Background: Numerous investigations on procalcitonin (PCT) have been carried out, although few with large sample size. To deal with the complexity of sepsis, an understanding of PCT in heterogeneous clinical conditions is required. Methods: Hospitalized patients aged 10–79 years were included in this retrospective and cross-sectional study. PCT tests were assayed within 2 days of blood culture. Results: A total of 2952 cases (from 2538 patients) were enrolled in this study, including 440 cases in the ‘positive BC’ group, 123 cases in the ‘positive body fluid culture’ group, and 2389 cases in the ‘negative all culture’ group. Median PCT values were 4.53 ng/ml, 2.95 ng/ml, and 0.49 ng/ml, respectively. Median PCT values in the gram-negative BC group and gram-positive BC group, respectively, were 6.99 ng/ml and 2.96 ng/ml.
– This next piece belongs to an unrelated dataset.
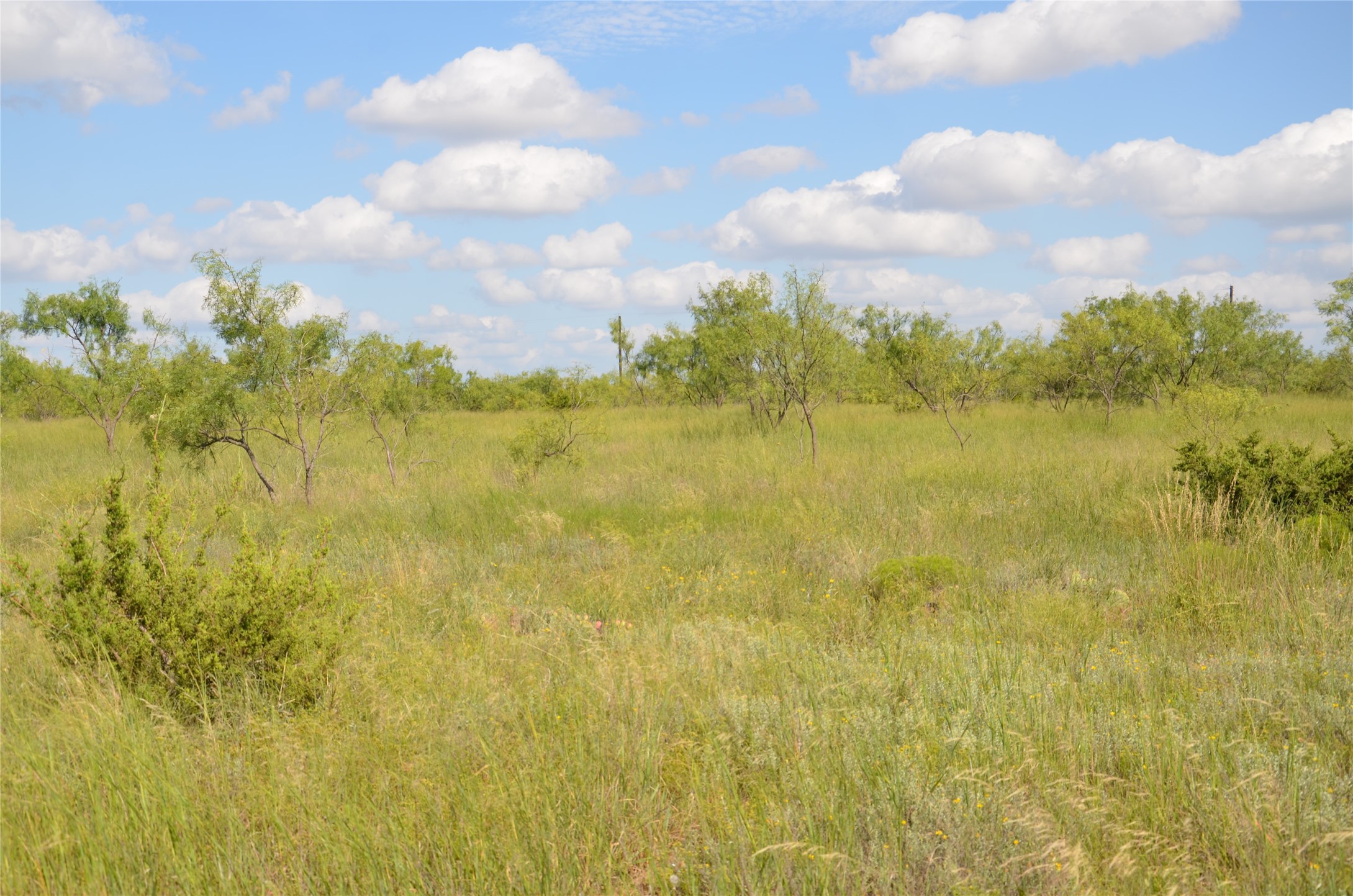 Tbd Cr 212 Wingate TX 79566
Median PCT values in the ‘positive hydrothorax culture’ group, ‘positive ascites culture’ group, ‘positive bile culture’ group, and ‘positive cerebrospinal fluid culture’ group, respectively, were 1.39 ng/ml, 8.32 ng/ml, 5.98 ng/ml, and 0.46 ng/ml. In all, 357 cases were classified into the ‘sepsis’ group, 150 of them were classified into the ‘severe sepsis’ group. Median PCT values were 5.63 ng/ml and 11.06 ng/ml, respectively. Conclusions: PCT could be used in clinical algorithms to diagnose positive infections and sepsis. Different PCT levels could be related to different kinds of microbemia, different infection sites, and differing severity of sepsis.